As Bob flew dangerous early missions over Europe, Pat waited for him back home. When asked why their relationship survived the war when so many others did not, she responds, "True love. He was the one for me. I wasn't interested in anyone else." Bob, too, stayed faithful to his wife, avoiding the pitfalls of many of his colleagues. "I never went into Horham," he remembers. "And when we went to London, my main stop was to get to Dunhill's Pipe Shop as early in the morning as possible, to be there when it opened. I was a pipe smoker."
Pat sent Bob an 8-millimeter film of their new baby, but Bob couldn't find an 8-mm projector anywhere on the base. Desperate, he went to the 95th's Photo Section and watched it one frame at a time.

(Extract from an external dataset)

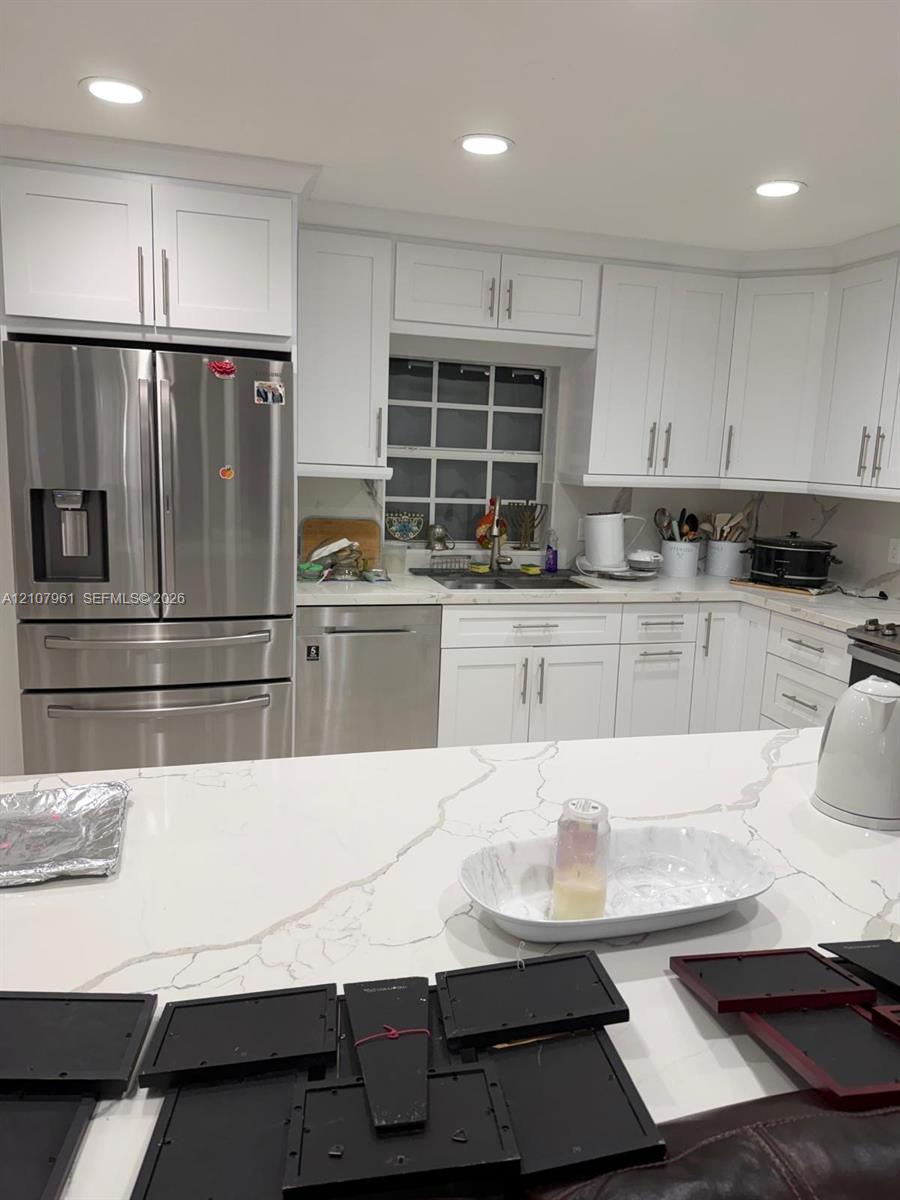 Kitchen featuring white shaker-style cabinetry, quartz countertops with veining, recessed lighting, and stainless steel appliances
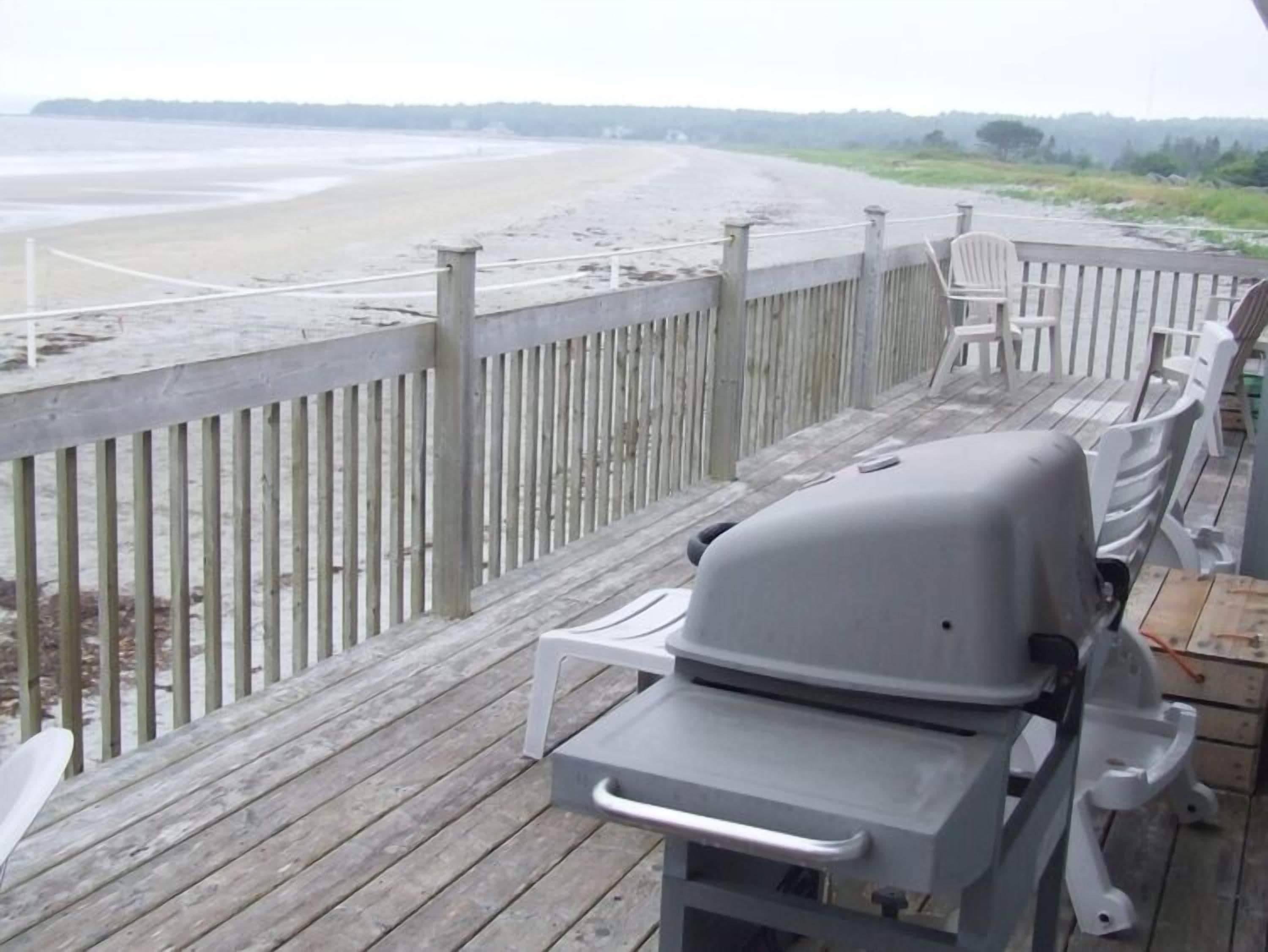 A wooden deck with a barbecue grill and white plastic chairs, overlooking a beach.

The third mission flown by the 95th--to Kiel--nearly wiped out the entire unit. Pat's best friend in Rapid City, Jerry Stirwalt lost her husband Harry on this mission, leaving her alone with a young child. Pat never knew how bad the missions were until that one. Of all the men in Bob's squadron who went over from the States, only three officers completed their 25 missions without being killed, wounded or shot down.
"I worried about it every day and every night," she remembers. "I just tried to keep busy, to keep positive, and I did a lot of praying. I was happy I had a child because if Bob were lost, at least I'd have a little piece of him."
Her fears were not unfounded. Two of Bob's brothers, also Air Corps pilots, were killed in training in the States.
Bob Cozens did survive his tour of 25 missions, one of the very lucky few--known as the "Lucky Bastards". On December 22, 1943 he sent Pat a telegram. "I have just completed my 25th mission". It was over. He had survived. He could come home to his new family.
Over sixty years later, Bob and Pat grace the 95th Reunions. Bob is a quiet leader, a modest but excellent speaker, and a man loved and admired by all. And Pat continues to be the prettiest woman in the room.